WIP: shader profiling in NIR using ARB_shader_clock
Introduction
This patch is intended to be a reimplementation of INTEL_DEBUG=shader_time
but using NIR and the ARB_shader_clock
extension. This would allow us to reuse the profiling code on any mesa driver that supports that extension, and remove intel-specific code from the intel driver.
This way, other mesa backends that meet the requirements (NIR and ARB_shader_clock
) will be able to add a shader profiling feature via the MESA_SHADER_TIME
environment variable, which would be the mesa generic equivalent to the intel specific INTEL_DEBUG=shader_time
.
Results
I ran a simple program for a similar amount of time using both INTEL_DEBUG=shader_time and MESA_SHADER_TIME, but not both at the same execution, because that would mess with the results.
INTEL_DEBUG=shader_time MESA_SHADER_TIME=1
Implementation
This was implemented by adding a NIR pass that injects some profiling code into the shader and stores the result in a SSBO via the ssbo_atomic_add()
intrinsic.
As we want to support multiple shader programs, after the program finishes running we read the result from the SSBO and store it in a buffer that is indexed by the shader program ID. This data can be found inside struct gl_context
.
Every time a draw call happens, a SSBO that has MESA_SHADER_STAGES
uint64_t
variables is bound and after the draw call ends we accumulate the recorded value for each stage in that particular shader program to the buffer inside struct gl_context
. If a new shader program is created, we just reallocate the buffer on the fly to accomodate for it.
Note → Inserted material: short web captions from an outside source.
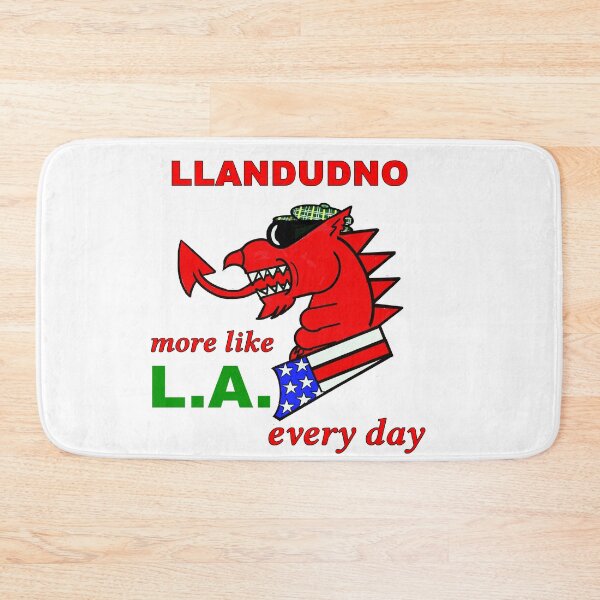 Item preview, WELSH DRAGON LLANDUDNO MORE LIKE LA EVERY DAY designed and sold by Marni Scofidio Desi9ns.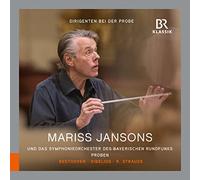 Conductors in Rehearsal-Mariss Jansons : Beethoven, Sibelius & Strauss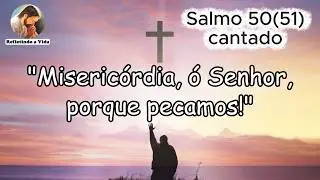 Salmo cantado 50(51) - 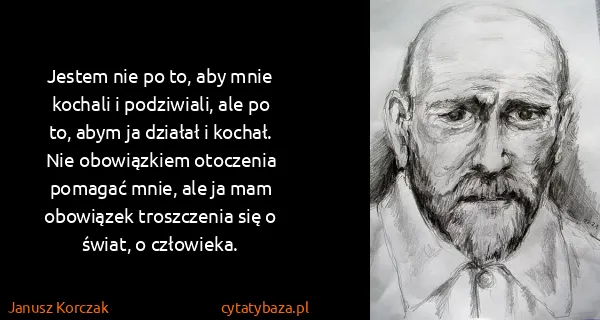 Janusz Korczak: Jestem nie po to, aby mnie kochali i podziwiali, ale po...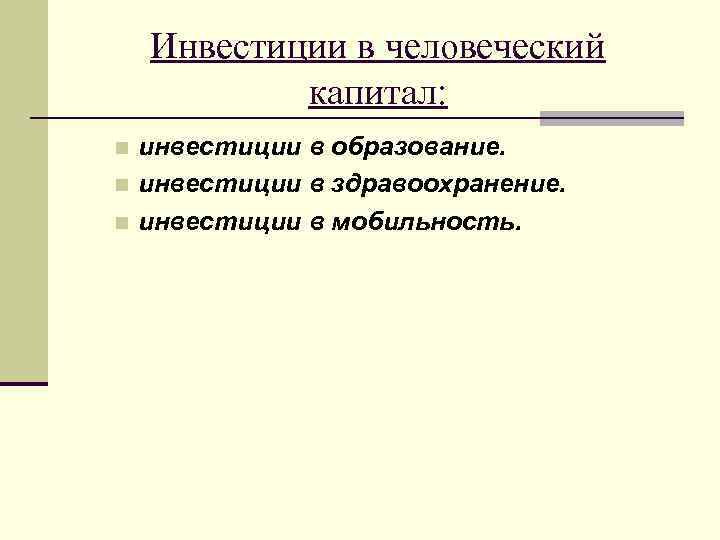 Инвестиции в человеческий капитал: инвестиции в образование. n инвестиции в здравоохранение. n инвестиции в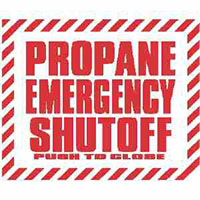 12 x 10 Inch (in) PROPANE EMERGENCY SHUTOFF Push to Close Sign - (11-P-82)""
Also, it's important that we disable the glsl shader cache to force shader recompilation when MESA_SHADER_TIME
is on.
But for all of this to work, the SSBO must first be declared/created with a known block_index
and binding_point
. The binding point is needed because we must bind the SSBO every time a draw call happens. The block index is needed because the NIR pass must add the ssbo_atomic_add()
instruction, and that instruction requires a block index to operate on.
Creating an SSBO inside the NIR pass doesn't work, as the linking stage won't reserve space for it. Thus, the SSBO with the required properties must be created in some other way.
Currently, this is happening on glsl/linker.cpp
by adding one extra SSBO block at index 0 in the middle of the linker pipeline. The binding point is selected by looping over all other variables and giving the SSBO the highest_binding_point+1
. As the binding point is being queried at runtime by calling get_program_resourceiv()
and the NIR code doesn't explicitly use the binding point for anything, we just need to give it any binding point that isn't being used.
Current status / Missing work
With all that being said, the SSBO creation code is not working as intended, causing test regressions and crashes. This is probably because adding an extra block to ShaderStorageBlocks
at struct gl_program
isn't the proper way to allocate an extra SSBO, causing weird things to happen when we write to it.
Also, the binding point selection code must be improved, because the way it's currently implemented it can generate a SSBO with a binding point that is over the maximum number of possible binding points, but this is not the main cause of the test failures or crashes.
Regressions / Piglit test results
The current implementation has the following piglit test results on the "quick" test suite:
[41452/41452] skip: 4328, pass: 35385, warn: 12, fail: 1720, crash: 7
https://pastebin.com/raw/hKGyky1X